For example, let’s say you need to provide email for 5000 users, handle user authentication for workstations, serve a medium-use website (>10000 hits/day), document management, and handle human resources -related stuff (employee contracts, sick/vacation time use, benefits, time tracking). From my understanding, a typical organization who needs to do this will solicit proposals from several vendors, fight their internal bureaucracies over how much should be spent, what OS to use, etc, and then finally start purchasing equipment after several months. In a perfect world, the vendor supplies support and training to administrators so they can run the hardware for their organization, but otherwise leave the ‘real’ work up to the customer.

I think a very profitable business could be run in which a vendor receives such a request from a customer, but instead of worrying about which hardware goes in which closet, is there enough rack space already, or do they need more, etc, they could provide the entire package in a container that could be delivered via truck (or train). Said container could include its own HVAC unit, and only need a couple connectors to the outside world to become a ‘usable’ server room when it’s delivered.

My vision for this is to install lots of rack space into a default arrangement in the container, preroute cooling and ventilation ducts, wire the whole container for power, phone, and network, and install insulation inside the container, so that the HVAC unit won’t be working overtime to keep the box cold.

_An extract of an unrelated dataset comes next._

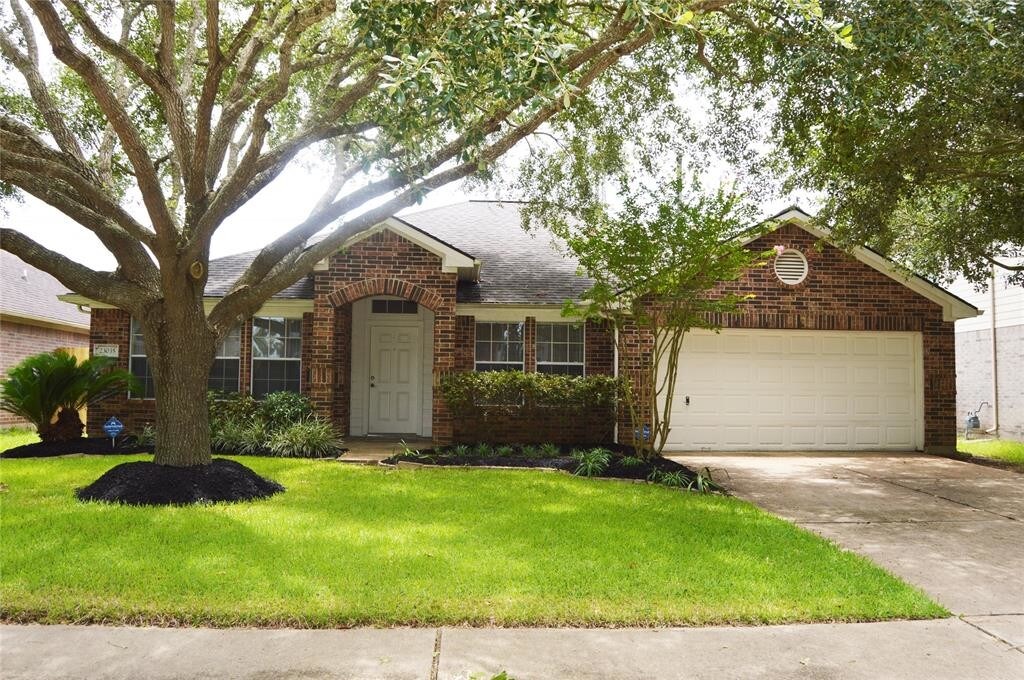 Foto principal - 23035 S Waterlily Dr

Containers have lots of space inside of them, and could easily be used to hold dozens of servers, storage units, and networking infrastructure hardware. Once a customer settled on what they need, in terms of current and future capacity, minimum networking requirements, OS, etc, the vendor would just install all of the necessary hardware into the racks inside the container, install non-proprietary software into the hardware – basically everything the systems administrators would have to do when the hardware arrived at their location – but would then just close the doors on the container, hire a trucking outfit to deliver the container, and have it dropped-off at the customer’s location.

All that would be left for the customer would be decide where they wanted their datacenter, connect power and network, and turn it on.

What do you think?